*** Begin section ***

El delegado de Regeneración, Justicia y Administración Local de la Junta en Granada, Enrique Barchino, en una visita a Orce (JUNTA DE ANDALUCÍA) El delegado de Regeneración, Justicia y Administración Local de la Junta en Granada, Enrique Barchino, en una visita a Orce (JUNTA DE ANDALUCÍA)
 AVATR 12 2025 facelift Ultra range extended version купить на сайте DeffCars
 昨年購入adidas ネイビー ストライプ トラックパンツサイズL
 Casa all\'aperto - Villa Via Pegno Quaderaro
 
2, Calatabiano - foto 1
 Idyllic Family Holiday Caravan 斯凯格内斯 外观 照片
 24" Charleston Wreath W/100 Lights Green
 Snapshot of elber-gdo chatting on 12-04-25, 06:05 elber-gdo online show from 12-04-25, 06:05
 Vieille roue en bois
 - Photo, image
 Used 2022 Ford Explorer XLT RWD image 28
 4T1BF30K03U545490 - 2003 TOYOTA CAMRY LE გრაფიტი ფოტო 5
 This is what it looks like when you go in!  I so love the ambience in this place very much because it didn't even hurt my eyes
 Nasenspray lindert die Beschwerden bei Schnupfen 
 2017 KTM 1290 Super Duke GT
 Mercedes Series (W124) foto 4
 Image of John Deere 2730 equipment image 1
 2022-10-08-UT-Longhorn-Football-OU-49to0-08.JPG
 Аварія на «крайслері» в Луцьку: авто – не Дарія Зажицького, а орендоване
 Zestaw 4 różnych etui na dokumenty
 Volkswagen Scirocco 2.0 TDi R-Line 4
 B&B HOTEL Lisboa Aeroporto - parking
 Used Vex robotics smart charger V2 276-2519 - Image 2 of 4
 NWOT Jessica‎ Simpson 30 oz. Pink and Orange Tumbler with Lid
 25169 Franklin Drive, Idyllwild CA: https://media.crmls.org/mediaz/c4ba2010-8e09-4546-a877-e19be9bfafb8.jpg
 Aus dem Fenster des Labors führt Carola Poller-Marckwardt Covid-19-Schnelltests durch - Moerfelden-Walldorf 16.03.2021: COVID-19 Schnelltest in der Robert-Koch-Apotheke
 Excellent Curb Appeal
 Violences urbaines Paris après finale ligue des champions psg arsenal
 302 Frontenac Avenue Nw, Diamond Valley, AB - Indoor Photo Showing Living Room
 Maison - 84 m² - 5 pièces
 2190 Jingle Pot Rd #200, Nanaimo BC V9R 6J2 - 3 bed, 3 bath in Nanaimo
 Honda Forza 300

*** End section ***

- Your instructions:
Please give back exactly the lines of this listing beginning at the line with "2022-10-08-UT-Longhorn-Football-OU-49to0-08.JPG" and ending with the line with "B&B HOTEL Lisboa Aeroporto - parking", both included, and nothing else.

- Answer box:
 2022-10-08-UT-Longhorn-Football-OU-49to0-08.JPG
 Аварія на «крайслері» в Луцьку: авто – не Дарія Зажицького, а орендоване
 Zestaw 4 różnych etui na dokumenty
 Volkswagen Scirocco 2.0 TDi R-Line 4
 B&B HOTEL Lisboa Aeroporto - parking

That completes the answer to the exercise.